* **SUPPLIED MATERIAL**
===

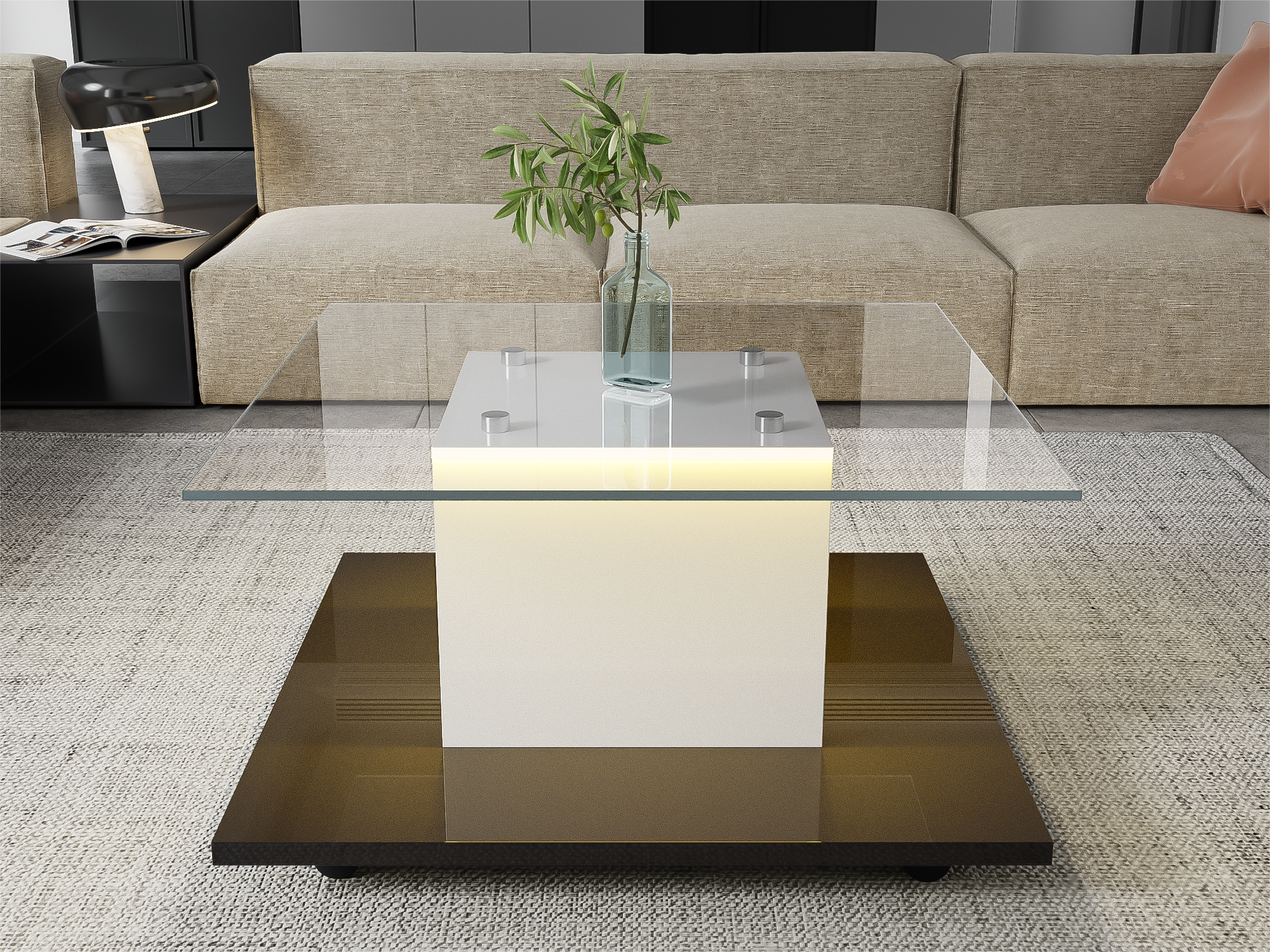 Tavolino A 3 Livelli Con Ruote E 2 Cassetti – Comodino In Legno Con Tasca Laterale, 60 Cm, Per Soggiorno, Camera Da Letto O Ufficio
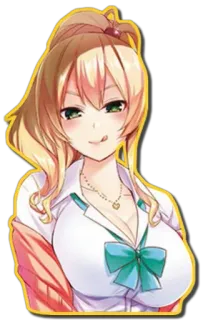 😋 ragazza anime, adesivo, cartone animato, capelli biondi, occhi verdi, carina telegram sticker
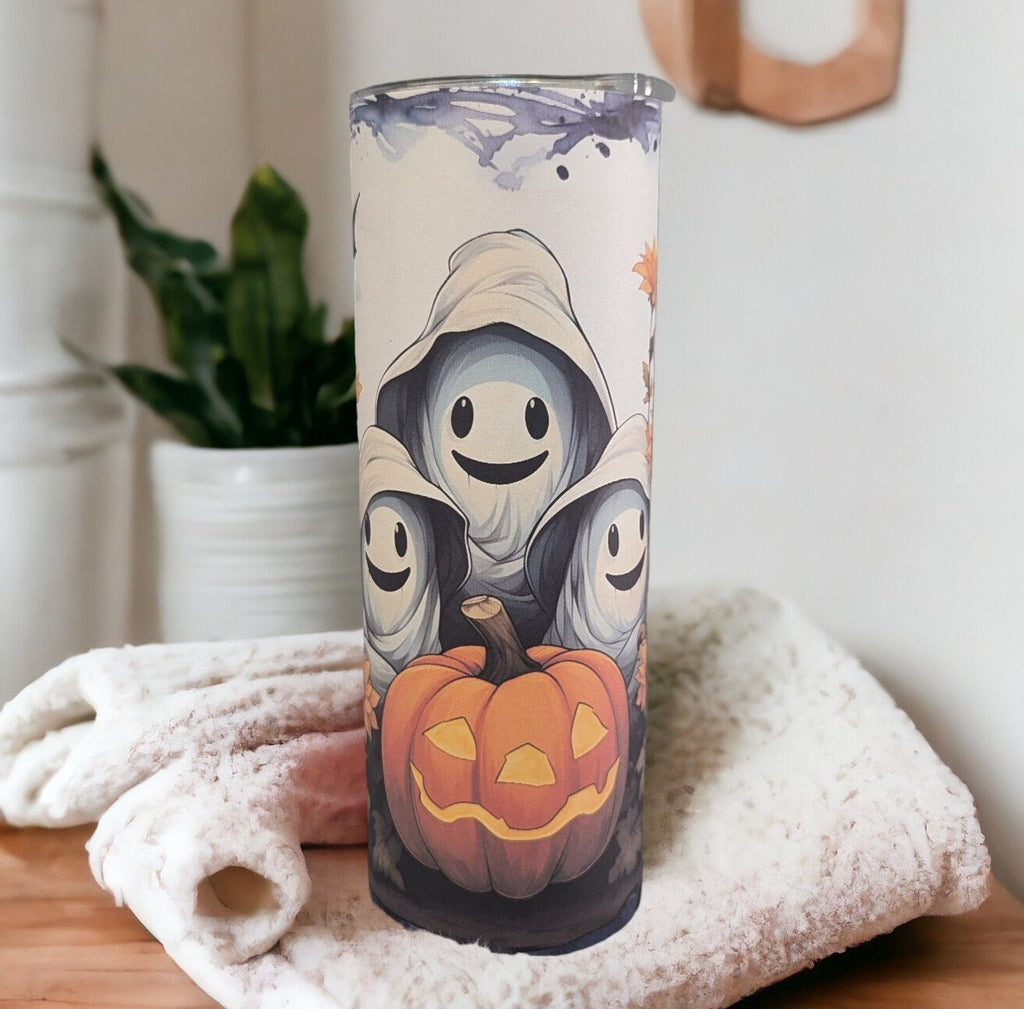 Cute Halloween Ghosts Tumbler, Halloween Cup, Ghosts Cup, Spooky Halloween Gift, 20oz Tumbler With Straw, Halloween Party Gift
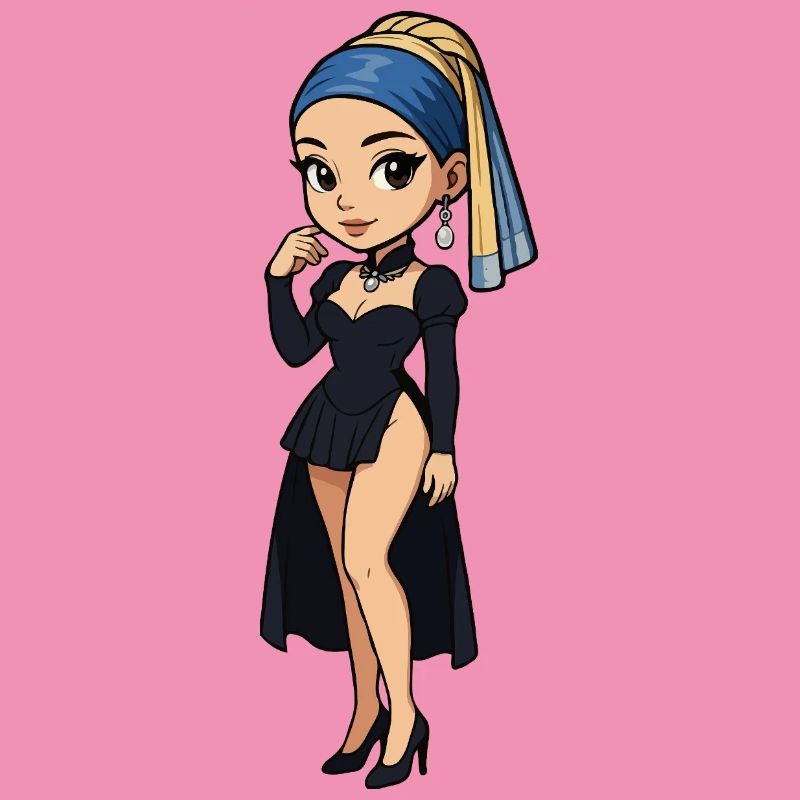 Mädchen mit Perlenohrring Chibi Super Deformed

===

* **TASK INSTRUCTIONS**
Print the lines from the one that contains "Cute Halloween Ghosts" through the final line of the material above, exactly and only those, with pictures left out.

* **RESPONSE AREA**
 Cute Halloween Ghosts Tumbler, Halloween Cup, Ghosts Cup, Spooky Halloween Gift, 20oz Tumbler With Straw, Halloween Party Gift
 Mädchen mit Perlenohrring Chibi Super Deformed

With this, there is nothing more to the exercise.